Tabs currently shares a bunk bed with a lovely lady from Bangladesh who's studying to be a doctor. It's very multicultural and exactly the kind of diversity Tabs always said she wanted. She just hadn't expected it to be quite so... intimate.

The Benefits Bill That Broke Mathematics

The Department for Work and Pensions has had to invent new numbers to calculate the benefits bill. They've moved beyond billions into what economists are calling "silly money" territory. The pound sterling has been replaced with a new currency called "hopes and dreams," which has roughly the same exchange value.

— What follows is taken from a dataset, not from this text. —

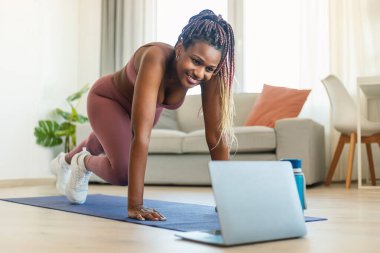 Young african american fitness lady doing leg exercises and watching online workout on laptop at home. Sports lifestyle and online lesson with trainer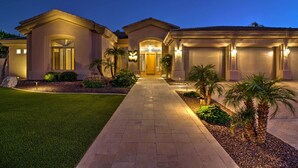 A two-story house with a well-lit driveway, palm trees, and a clear sky. - Patio, Playground! Glendale Family Gem Near Golf (Glendale)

Tabs's Universal Credit application is currently number 47 million in the queue. The processing time is estimated at "eventually, maybe, if we're all very lucky."

The Uncomfortable Truth

The most uncomfortable part of this whole situation isn't the queues, the overcrowding, or even the fact that Tabs now has to book her Netflix viewing slots three weeks in advance. It's the dawning realisation that good intentions and economic reality are two very different things.

Tabs genuinely wanted to save the planet. She genuinely cared about people less fortunate than herself. She just hadn't quite grasped that caring about everyone everywhere all at once might not be sustainable in a country with finite resources.

As she sits in that endless A&E queue, clutching her throbbing wrist and watching her fellow queue-members livestream their free healthcare experience to relatives back home, Tabs finally understands what her economics teacher meant about unintended consequences.

The polar bears are probably fine. It's just everything else that's completely buggered.